Using the data that follows, return exactly the lines from the one that contains "đại - 1 Xây" through the one that contains "HYUNDAI i20 1.0 T-GDi Amplia", ends included.

• RECORDS FOR THIS TASK:
————

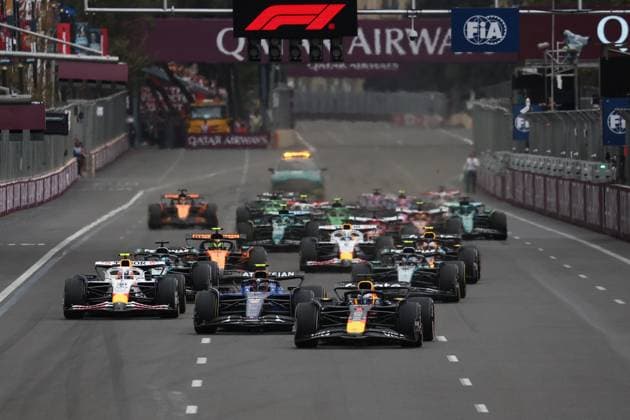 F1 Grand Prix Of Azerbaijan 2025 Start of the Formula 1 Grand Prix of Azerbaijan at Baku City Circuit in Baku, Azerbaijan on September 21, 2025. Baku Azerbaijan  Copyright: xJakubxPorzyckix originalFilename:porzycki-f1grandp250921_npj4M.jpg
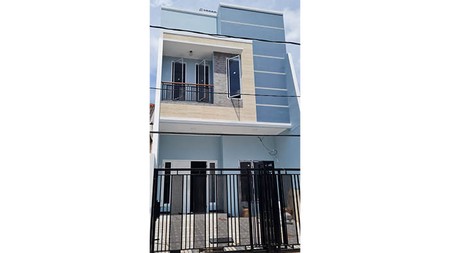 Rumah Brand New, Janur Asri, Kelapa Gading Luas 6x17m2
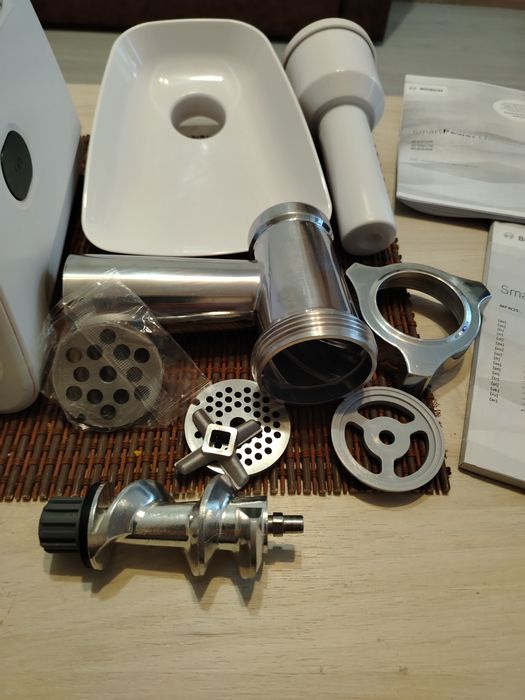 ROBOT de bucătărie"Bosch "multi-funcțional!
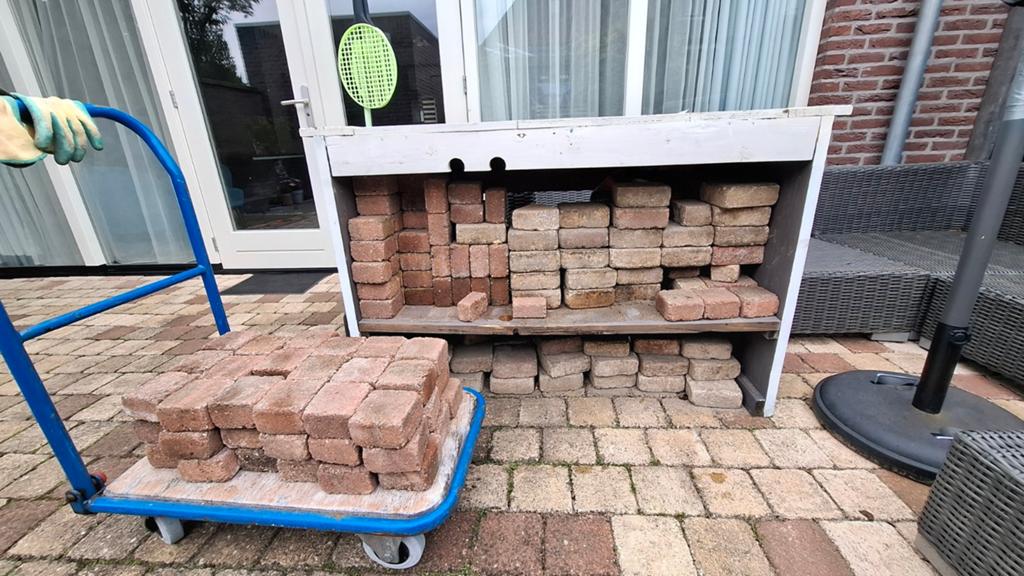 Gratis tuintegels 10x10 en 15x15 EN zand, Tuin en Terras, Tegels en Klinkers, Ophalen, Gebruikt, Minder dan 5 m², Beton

————

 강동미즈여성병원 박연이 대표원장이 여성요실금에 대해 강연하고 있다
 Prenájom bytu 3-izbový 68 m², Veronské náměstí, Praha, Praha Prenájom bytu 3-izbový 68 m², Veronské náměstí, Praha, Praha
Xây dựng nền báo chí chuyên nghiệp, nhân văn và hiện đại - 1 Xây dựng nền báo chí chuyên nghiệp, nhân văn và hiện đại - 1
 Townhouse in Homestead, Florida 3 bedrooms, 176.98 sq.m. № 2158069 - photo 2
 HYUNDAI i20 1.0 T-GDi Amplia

————

• ANSWER TO THIS PROBLEM:
Xây dựng nền báo chí chuyên nghiệp, nhân văn và hiện đại - 1 Xây dựng nền báo chí chuyên nghiệp, nhân văn và hiện đại - 1
 Townhouse in Homestead, Florida 3 bedrooms, 176.98 sq.m. № 2158069 - photo 2
 HYUNDAI i20 1.0 T-GDi Amplia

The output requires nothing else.